** Opening SUPPLIED INFORMATION block **

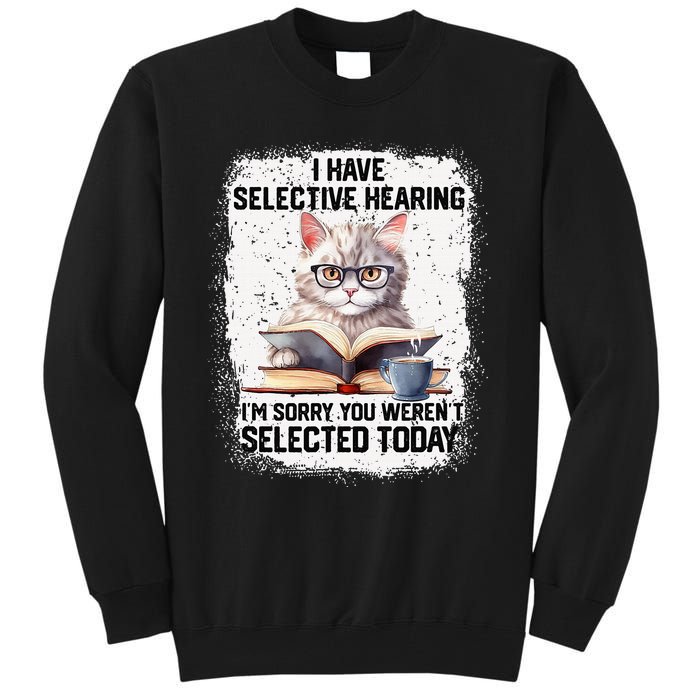 Funny I Have Selective Hearing You Werent Selected Cat Humor Tall Sweatshirt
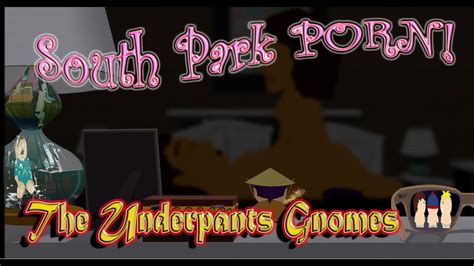 South Park The Stick Of Truth Full Sex Scenes Underpants Gnomes South Park Porn Youtube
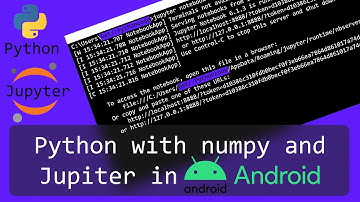 Python with numpy , pandas and Jupyter in Android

** Closing SUPPLIED INFORMATION block **

*EXERCISE DESCRIPTION*
Transcribe word for word only the lines from the one with "South Park The" through the end of the listing; every picture is to be omitted.

*RESULT*
 South Park The Stick Of Truth Full Sex Scenes Underpants Gnomes South Park Porn Youtube
 Python with numpy , pandas and Jupyter in Android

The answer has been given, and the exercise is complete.